Anand Patel, Co-Founder of Hidden Grounds Coffee
In 2013, Anand and his team of coffee devotees decided that the world had suffered enough from the scourge of bad coffee. They took it upon themselves to become the ultimate taste testers, sacrificing their taste buds so their customers don’t have to suffer the same fate. As a result of this process, they’ve expanded their coffee business to seven retail locations.
Here are key insights from our discussion:
Get In Your Customers’ “Consideration Set”
Sulkow opened the panel about coffee marketing in an unlikely place: he asked an audience member if he uses the same toothpaste daily. While he says it’s hard to get people to change such a personal product preference, he encourages people to get in customers’ ‘consideration set,’ or the realm of items, products, and services they might consider using one day. People develop habits—things they know well and stick to, and your marketing budget should focus on becoming part of a potential consumer’s habit.
“I need to stay in that consideration set every day, every week, every month—when these roasters come around, and they say, ‘I want to buy green coffee,’ I want to make sure that they’re considering Genuine Origin.”
If you’re unsure how to get into your customer’s consideration set, Sulkow recommends A/B testing or using two different marketing strategies simultaneously to see which customers respond to. Sometimes it can be challenging to strike the right tone or speak to your target audience, so testing different strategies helps determine what works.
Scale Marketing Over Time
When Patel opened the first Hidden Grounds location, he didn’t spend any money on marketing, focusing entirely on quality before looking into advertising and raising brand awareness. “I [got] to the point where I’m extremely secure and proud of the product I’m selling…and once you have that, marketing is one of those things where it’s the percentage representation of your total revenue.”

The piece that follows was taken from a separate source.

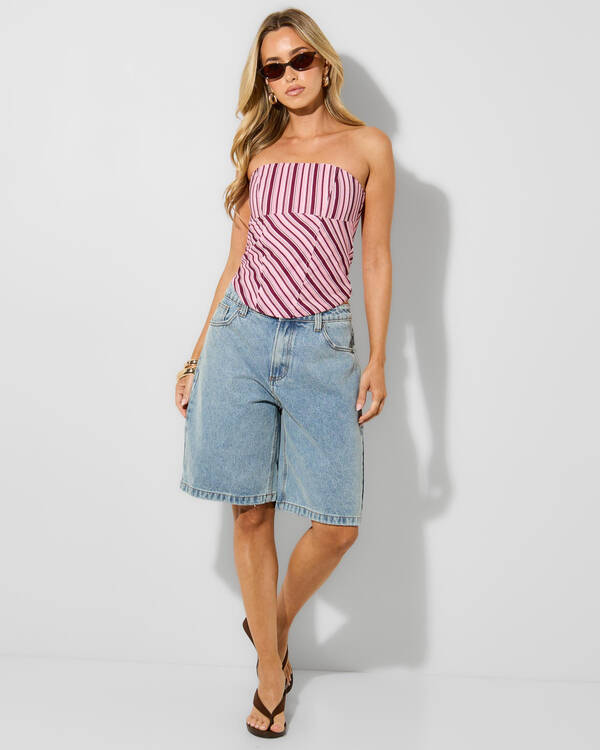 Mooloola Tina Top for Womens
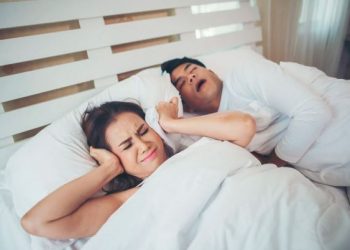 Ronco: Quais são as causas e como evitar esse desconforto?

I need to stay in that consideration set every day, every week, every month—when these roasters come around, and they say, ‘I want to buy green coffee,’ I want to make sure that they’re considering Genuine Origin. Robert Sulkow, Director of Marketing at Genuine Origin
Patel breaks down Hidden Grounds’ marketing budget over time: “I guess the national average is between 7% and 14% of your total revenue. But for us, in our tenth year, it’s gotten all the way to 20%.” But when Hidden Grounds began paid marketing in their second year, they only set aside 4% of their revenue.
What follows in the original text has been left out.